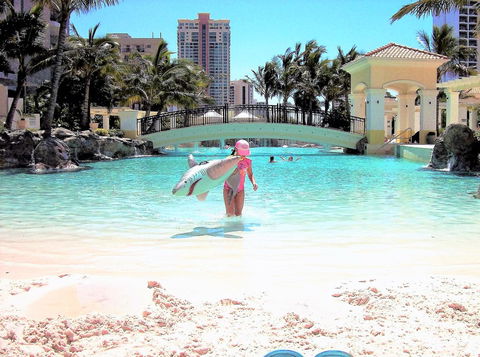 The Towers Of Chevron Renaissance - Holidays Gold Coast - Tourism Townsville 1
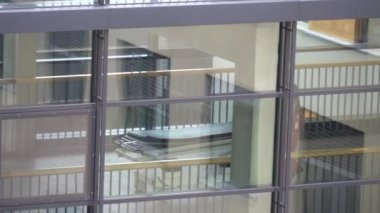 19 Ekim 2018. Almanya Helios Klinikum Krefeld. Klinik kat görünümünde pencereden istasyonları arasında koridoru geç Doktor Doktor insanlar yürümek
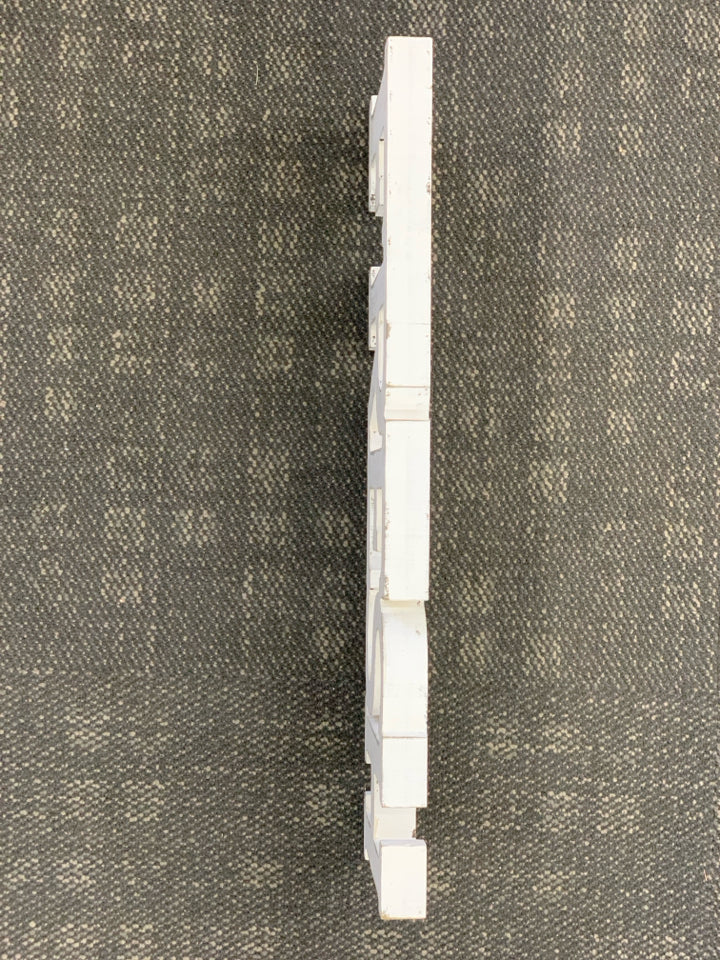 LARGE WHITE FRESH SIGN.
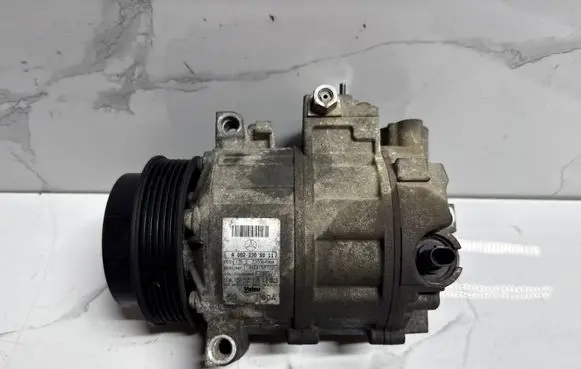 Mercedes-Benz C W204 Air conditioning (A/C) compressor (pump) A0022305011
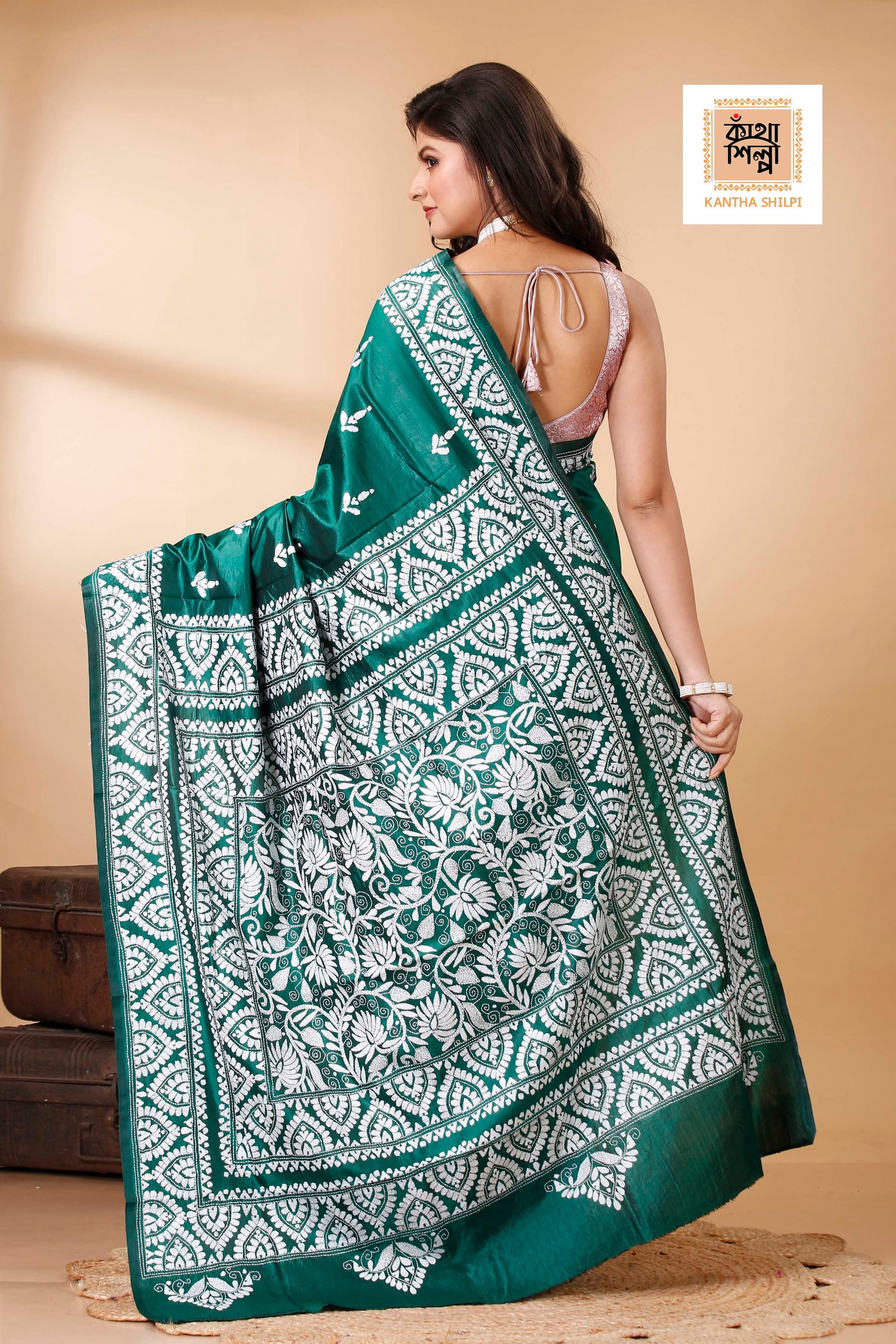 Green Pure Bangalore Silk White Color Thread Work Floral Motif Kantha Stitch Saree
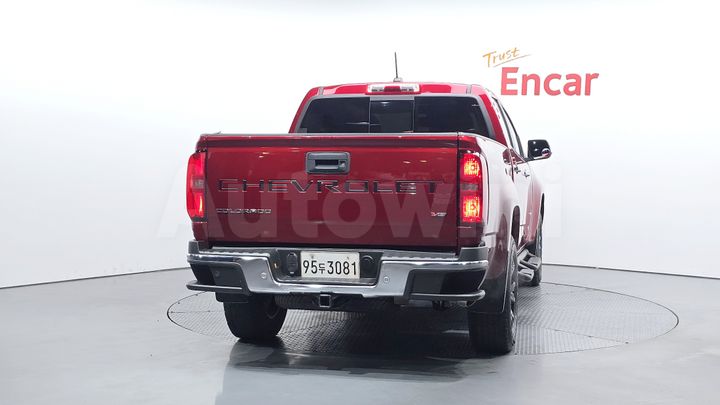 Chevrolet Colorado 2022 — 3
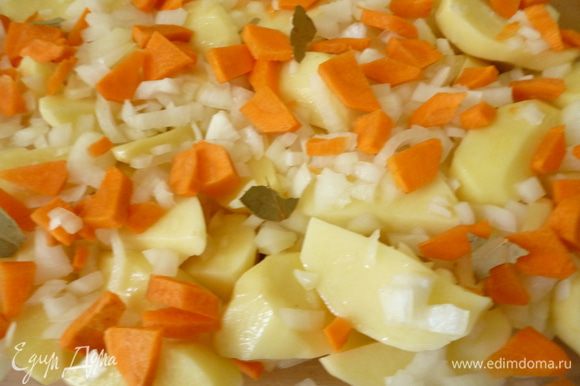 Берем посуду для запекания(я использую стеклянную форму с крышкой).На дно наливаем столовую ложку растительного масла.Выкладываем почищенный и нарезанный дольками картофель.Немного солим.Затем выкладываем нарезанные лук,морковь,несколько кусочков лаврового листика.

### Task statement
All that should be returned is the run of lines from the start of the entries above to the line bearing "LARGE WHITE FRESH SIGN.", each exact, with pictures omitted.

### Exercise answer
 The Towers Of Chevron Renaissance - Holidays Gold Coast - Tourism Townsville 1
 19 Ekim 2018. Almanya Helios Klinikum Krefeld. Klinik kat görünümünde pencereden istasyonları arasında koridoru geç Doktor Doktor insanlar yürümek
 LARGE WHITE FRESH SIGN.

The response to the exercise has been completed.